Most of the cheap chucks are of a poor standard however with a strip down and clean up etc they can be improved.


----------



## Blogwitch (Mar 17, 2017)

I have recently bought a Sanou 5" six jaw and it's operation is smooth as silk straight out of the box, despite it being a cheapo.

Baz has the right idea, strip down, and because all jaws and screws are the same on an independent, try swapping them about a little. Usually it is just a bit of tight machining tolerance that causes the problem and a tiny bit of fettling on razor sharp corners with a very fine Arkansas stone and some slideway oil soon has them running perfectly.

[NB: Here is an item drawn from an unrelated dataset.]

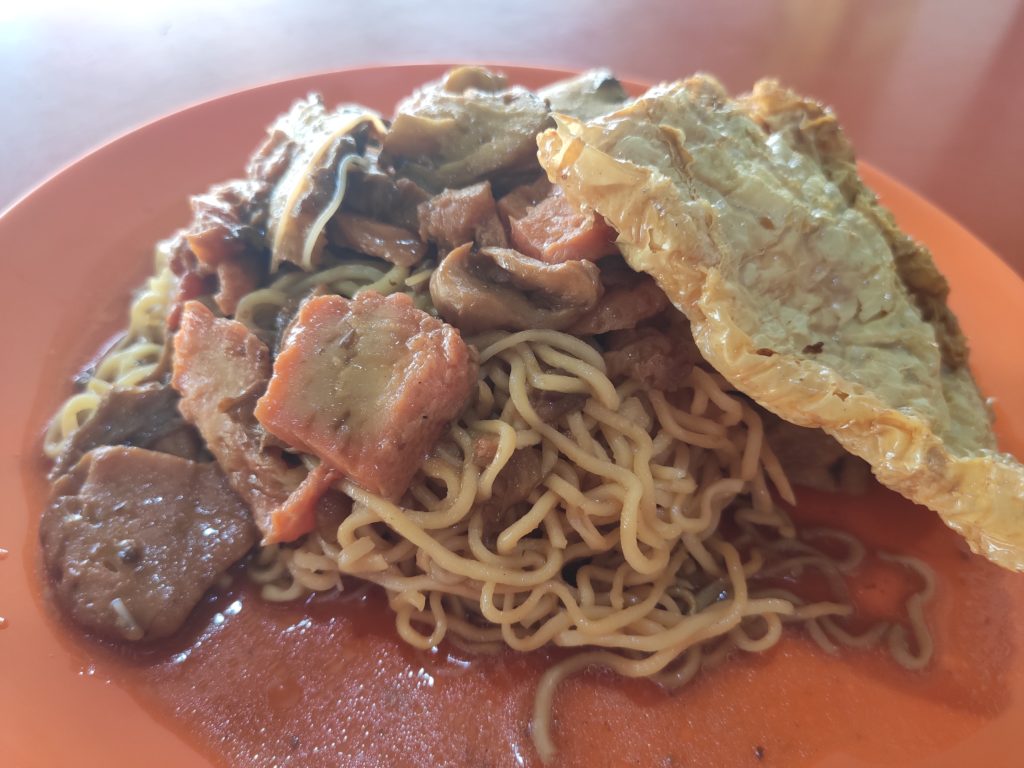 Vegetarian Delight: Fried Noodles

BTW, almost every one of my chucks (loads of them) are of far eastern origin and I haven't a bad one amongst them, all very accurate and smooth.

John


----------



## rodw (Mar 18, 2017)

I spent quite a few hours with a file and emery paper over several sessions before the 4 jaw chuck bundled with my lathe was as smooth as silk. It may help to apply some engineers blue and look to see where it rubs off to identify tight spots. I don't use it very often but used it today and while I was installing it, I noticed a burr on  the chuck at one of the jaws that I had not noticed before, so I wondered if that had anything to do with my problems. I'm sure with some persistence, you will rescue it.


----------



## itowbig (Mar 18, 2017)

yup ive tried all the above its just no good the screws are bad ( IE ) not cut right in the first place. i used the dremal to clean up a little bit , but to no avail. the press in thingys that hold the screws in the chuck are very poor too contributing to the delima, for a fix on that i have it figgered out just cut them off and drill out then thread those for brass set screws made on the lathe. problem is i cant turn nothing with out the chuck at this time.  im thinking im just gunna let the belt out a notch and buy one from LMS. 
ive just about got this little 7x10  bugger all dialed in .. just having lots of issues with chucks. Thanks for the replies and posable solutions.


----------